Case of V v. The Czech Republic (Application no. 26074/18)

A selection of key paragraphs can be found below the judgment.

CASE OF V v. THE CZECH REPUBLIC

 

99. Indeed, even if it is conceded that the use of a taser against P.Z. did not amount to intrinsically lethal force, the Court considers that it was nonetheless likely to cause, or at least hasten, his death. In the Court’s view, although the police officers could not have known that P.Z. was suffering from a cardiac anomaly that made the use of a taser even more risky, the mere fact that he was a psychiatric patient should have prompted them to realise that not only was he in a vulnerable position (owing to his hospitalisation and the psychiatric episode from which he was suffering) but that he was a person with mental health issues and that it was very likely that he had received medication. The Court considers that in so far as P.Z. died while the police officers were attempting to immobilise him, it cannot be ruled out that the electrical shocks produced by the taser did indeed cause the cardiac arrhythmia that led to his death (see Scavuzzo-Hager and Others v. Switzerland, no. 41773/98, §§ 58 and 60, 7 February 2006, and Boukrourou and Others, cited above, § 60). In this context, the Court is struck by the fact that P.Z. was tasered three times in a very short lapse of time and that anxiolytic medication was administered to him afterwards, before he had been turned over onto his back (see paragraph 9 above) […].

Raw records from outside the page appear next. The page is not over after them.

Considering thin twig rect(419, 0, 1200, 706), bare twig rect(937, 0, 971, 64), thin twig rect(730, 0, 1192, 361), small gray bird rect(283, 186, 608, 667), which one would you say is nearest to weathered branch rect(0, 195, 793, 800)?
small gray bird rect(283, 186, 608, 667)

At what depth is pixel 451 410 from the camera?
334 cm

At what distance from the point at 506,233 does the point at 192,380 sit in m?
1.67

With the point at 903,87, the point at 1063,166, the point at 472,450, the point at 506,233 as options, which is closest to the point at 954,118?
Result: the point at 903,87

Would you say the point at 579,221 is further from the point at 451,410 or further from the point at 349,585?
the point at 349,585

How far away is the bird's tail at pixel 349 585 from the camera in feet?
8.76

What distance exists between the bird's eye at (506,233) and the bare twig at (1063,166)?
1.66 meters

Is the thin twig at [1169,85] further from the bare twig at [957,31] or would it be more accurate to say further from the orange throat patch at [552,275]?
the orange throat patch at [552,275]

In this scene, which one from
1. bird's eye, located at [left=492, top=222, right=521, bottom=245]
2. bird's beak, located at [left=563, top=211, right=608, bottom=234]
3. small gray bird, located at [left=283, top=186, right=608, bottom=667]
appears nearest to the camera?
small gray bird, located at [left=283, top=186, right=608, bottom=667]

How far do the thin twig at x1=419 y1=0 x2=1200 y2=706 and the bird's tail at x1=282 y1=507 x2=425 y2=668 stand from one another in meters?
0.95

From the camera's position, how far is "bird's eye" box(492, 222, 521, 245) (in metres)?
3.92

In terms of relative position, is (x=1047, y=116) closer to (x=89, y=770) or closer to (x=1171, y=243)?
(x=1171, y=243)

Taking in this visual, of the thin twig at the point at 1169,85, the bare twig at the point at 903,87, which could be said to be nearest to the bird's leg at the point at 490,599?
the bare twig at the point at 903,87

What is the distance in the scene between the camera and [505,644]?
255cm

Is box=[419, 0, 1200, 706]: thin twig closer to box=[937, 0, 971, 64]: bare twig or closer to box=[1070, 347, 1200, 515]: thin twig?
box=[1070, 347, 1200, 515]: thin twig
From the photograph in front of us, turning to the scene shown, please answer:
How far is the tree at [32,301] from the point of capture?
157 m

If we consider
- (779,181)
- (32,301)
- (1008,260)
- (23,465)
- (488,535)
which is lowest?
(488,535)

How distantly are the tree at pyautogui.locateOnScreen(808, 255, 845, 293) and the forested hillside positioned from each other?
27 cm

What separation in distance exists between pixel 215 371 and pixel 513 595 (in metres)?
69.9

104. The Court observes that, under the above-noted rules, police officers are authorised to use a taser where there is no other coercive measure capable of attaining the aim of the intervention, bearing in mind the principle of proportionality. It takes the view, however, that the above-noted framework is very general (see, mutatis mutandis, Tekin and Arslan, cited above, § 92) and does not reflect the particular nature of that device as an “intermediate weapon” (see paragraph 98 above) and the health risks associated with its use. In particular, there are no specific provisions concerning the use of a taser against persons with mental disorders or, more generally, against persons who have been hospitalised and who are likely to have been medicated, but who are not included among vulnerable persons specifically mentioned in section 58(1) of the Police Act. Nor does it appear that any internal regulation aimed at tackling this issue has been adopted by the Czech police authorities. Thus, according to the Public Defender of Rights, when intervening on the premises of healthcare facilities, police officers are bound only by the general statutory principle of proportionality, and not by any more specific guidelines (see paragraph 78 above) […].

109. The foregoing considerations are sufficient to enable the Court to conclude that the State failed to observe its primary duty to secure the right to life by putting in place an appropriate legal and administrative framework concerning, on the one hand, coordination between health professionals and the police when the latter’s intervention in medical establishments is unavoidable and, on the other hand, the possible health risks associated with use by the police of tasers in general and, in particular, against persons with mental disorders – notably in situations where it has not been established whether those persons have been medicated (and if so, how). In particular, the Court considers that the system in place did not afford to police officers clear guidelines on how to proceed when intervening against psychiatric patients such as P.Z., which may explain why the police officers in the instant case proceeded quite spontaneously, without first consulting the medical staff […].